Australia immediately followed up with an historic win in the women's Keirin by Anna Meares, who became the most prolific female track world champion in history by recording her 11th title. Meares had been tied at ten titles with France's Felicia Ballanger, but now stands alone among female riders. Shanne Braspennincx of the Netherlands took the silver medal and Liasandra Guerra Rodriguez of Cuba the bronze, with Canada's Monique Sullivan fourth.
"I had a rough day in the sprint two days ago," said Meares, "and I wasn't sure how I was going to perform today. Credit to my team and my coach who got behind me and let me have some fun today. I don't even remember the race, I was just enjoying myself out there."

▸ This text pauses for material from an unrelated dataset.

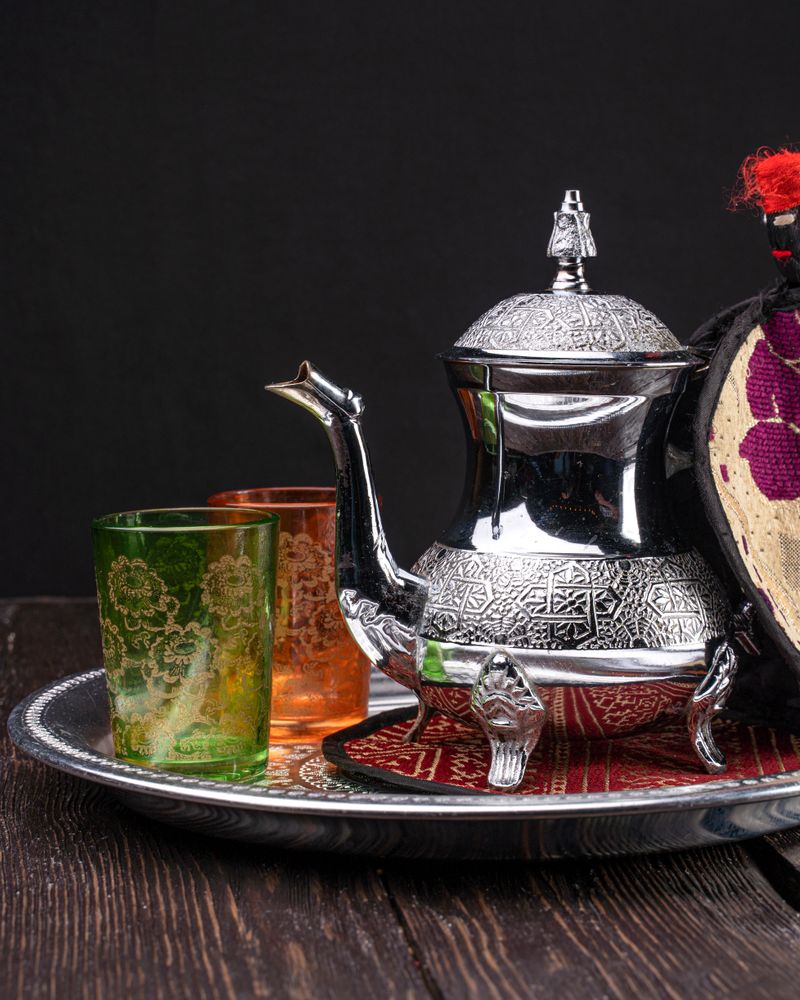 صينية شاي بالنعناع وكؤوس زجاجية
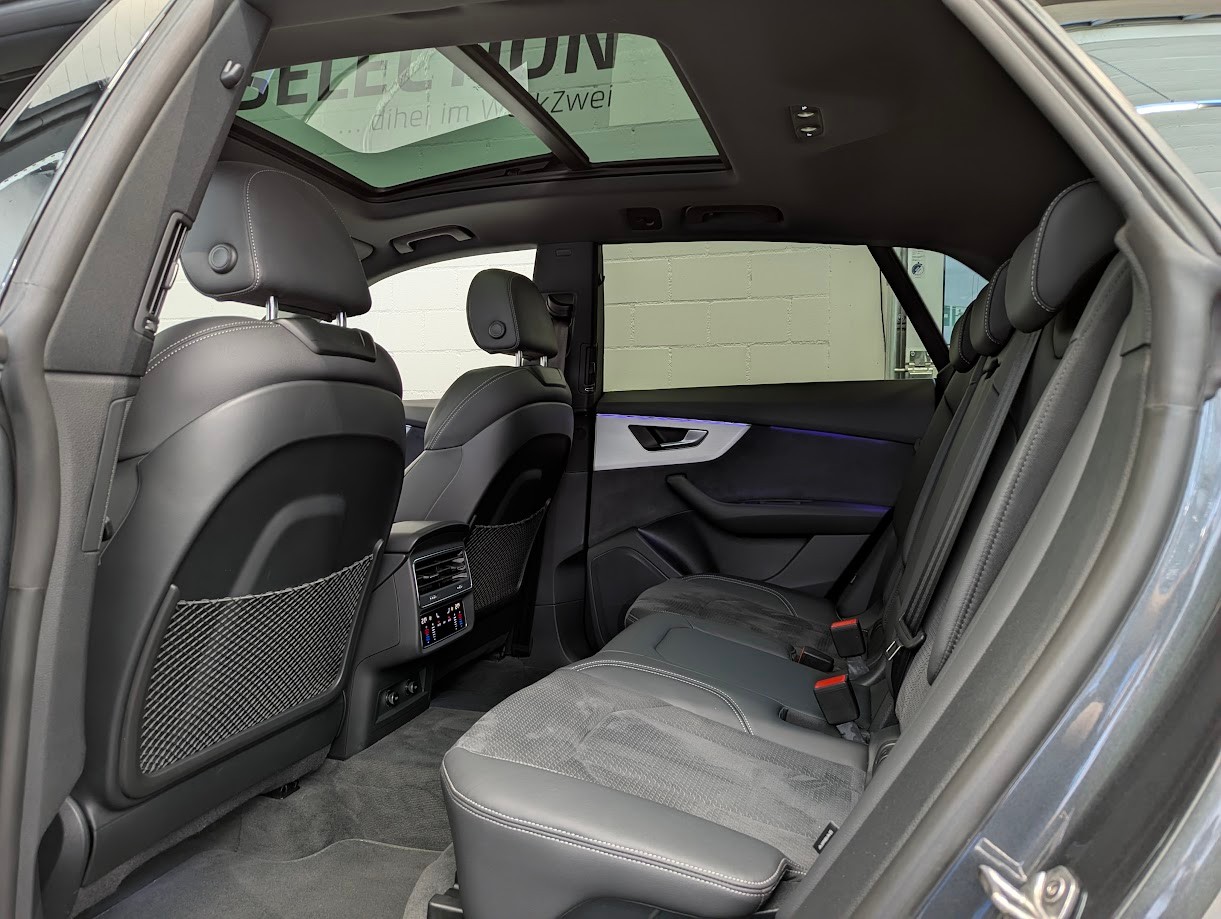 AUDI Q8 SUV 3.0 V6 50 TDI quattro S-Line T-Tronic*2xS-LINE BLACK-PACK PLUS LUFT 22 ZOLL 360CAM HEAD-UP*-image-26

"I applaud the UCI for being ahead with the times, for bringing the cameras onboard to give an insight to our fans why we love the sport of track cycling. Cameras and TV from the outside doesn't do it justice. It doesn't show the speed, the close racing, the steepness of the banking,. I personally have enjoyed Francois Pervis in the Keirin on the onboard camera, and I hope many have enjoyed mine as well."

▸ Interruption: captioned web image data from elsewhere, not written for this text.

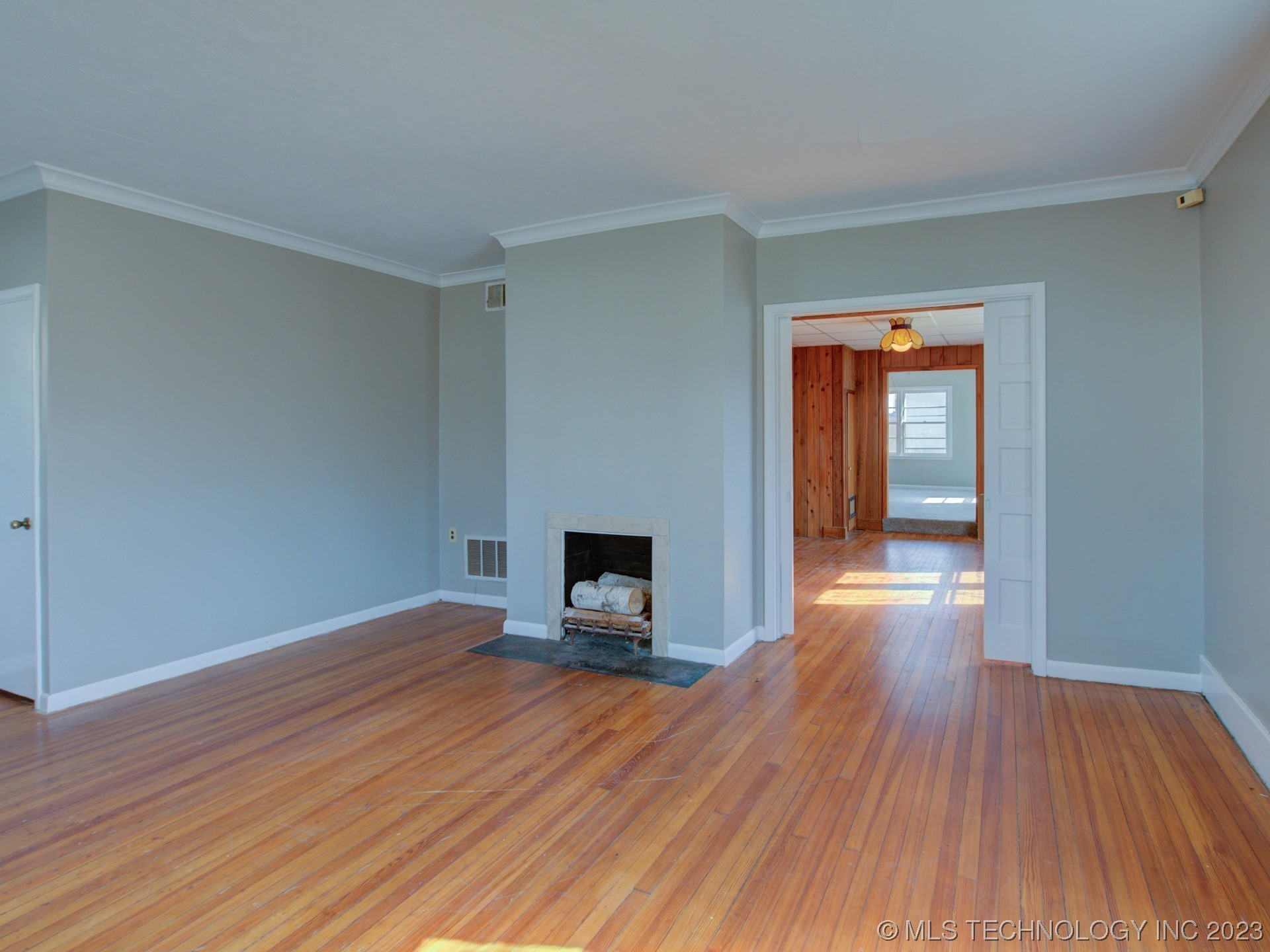 Photo 8 of 28 of 1220 S Johnstone Avenue house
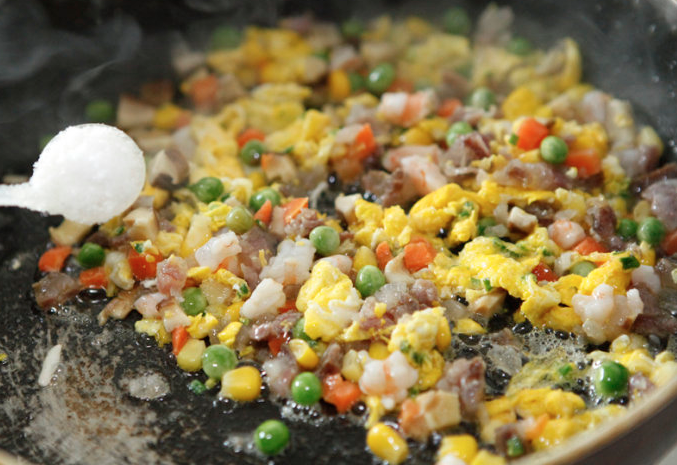 图片[5]-三鲜炒饭做法 孩子说比蛋炒饭好吃百倍-起舞食谱网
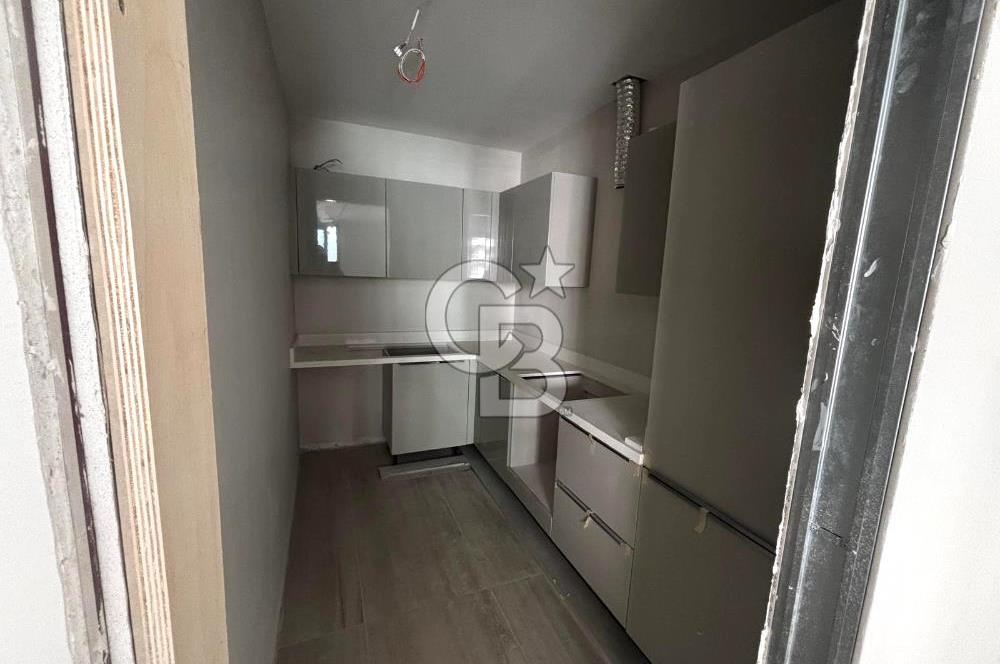 MEGAPOL İZMİR TOWER THREE REZİDANS KULE'DE SATILIK 1+1 DAİRE
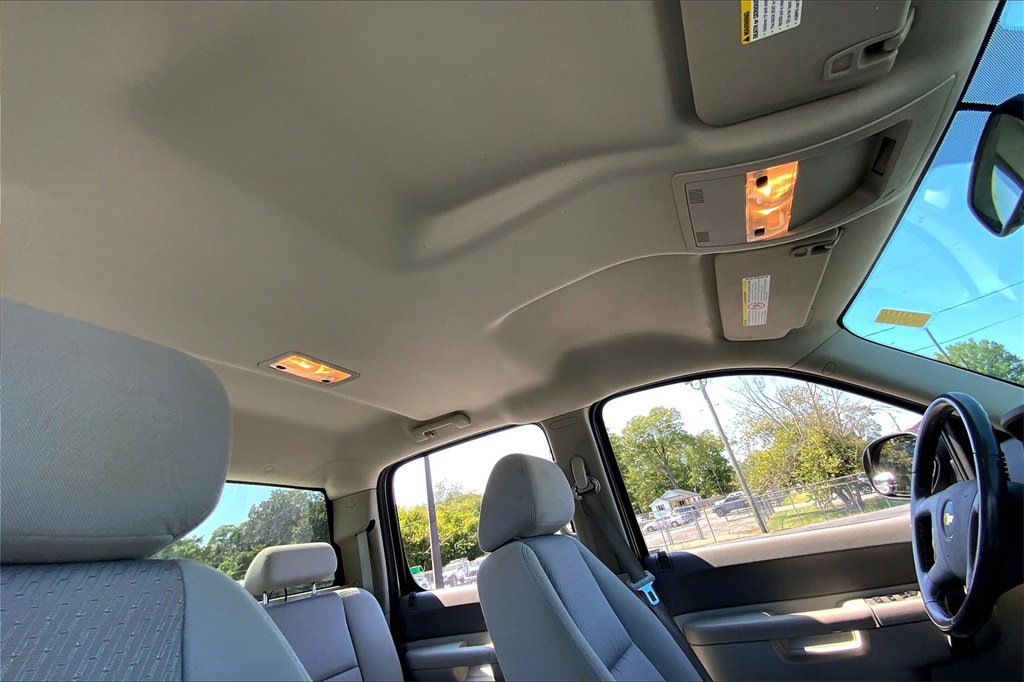 2013 Chevrolet Silverado 2500HD LT photo 21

The focus then switched to the two final men's events on the program, beginning with the crowd favourite Madison. Great Britain took an early lead in the race by gaining a lap on the field. France, Italy, Belgium and Spain fought back, retaking the lap and scoring more points in intermediate sprints, to put the Brits out of contention. Going into the final sprint, the French squad of Bryan Coquard and Morgan Kneisky held a slim three point lead over Italy's Liam Bertazzo and Elia Viviani. If Italy could win and France did not finish right behind them, the title would go to the Italians. Italy did take the final sprint, but France finished second, to win the title by a single point.
"It was a very hard race," agreed Kneisky, "with the Italian guys and the English guys taking a lap. It was not easy for me and Bryan [Coquard]. But we were strong during the race. In the final part of the race I think we were the best, when we took a lap for the win."
The world championships concluded with the men's Sprint competition. France was clearly dominant, with four potential medalists in the field. The first big battle of the competition was between French rivals Gregory Bauge and defending champion Francois Pervis in the quarterfinal round, with Bauge defeating Pervis in three rides. Bauge then beat another French rider, Quentin Lafargue, in the semi-final round before taking on Russia's Denis Dmitriev in the gold medal final. Bauge was clearly the stronger rider, winning his fourth Sprint title. Quentin Lafargue took the bronze the bronze.
Bauge admitted that this win was special: "Maybe what makes it different is that it happened in France, at home with my family and all my compatriots. We did something big [with 7 medals] but, to be honest, we were not expecting that. But it is good in the perspective of the [build up to the] Olympic Games, even though there is still work to do."